BEGIN Dataset extract
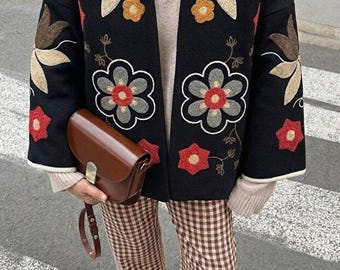 Vintage Schwarzer Wollmantel | Bestickte Blumenjacke, elegante Oberbekleidung
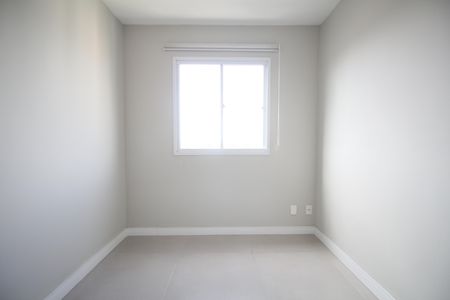 Quarto 1 de apartamento para alugar com 2 quartos, 41m² em Parque Arariba, São Paulo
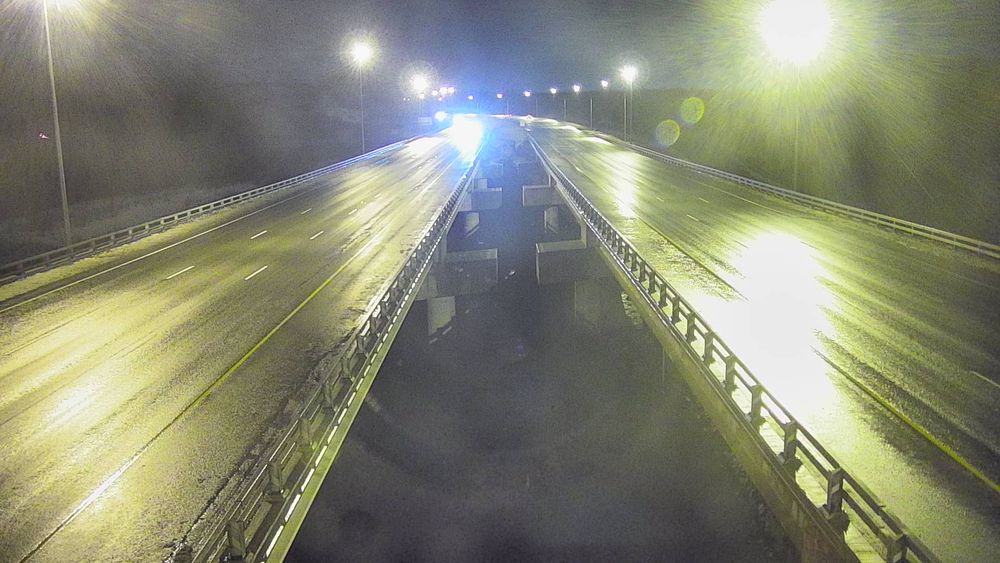 Glenn Highway @ Eagle River Bridge MP 12.8 live traffic camera, angle 1 of 8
END Dataset extract
Problem details: Retype each line above precisely, please. Skip anything that is a picture.

Your response:
 Vintage Schwarzer Wollmantel | Bestickte Blumenjacke, elegante Oberbekleidung
 Quarto 1 de apartamento para alugar com 2 quartos, 41m² em Parque Arariba, São Paulo
 Glenn Highway @ Eagle River Bridge MP 12.8 live traffic camera, angle 1 of 8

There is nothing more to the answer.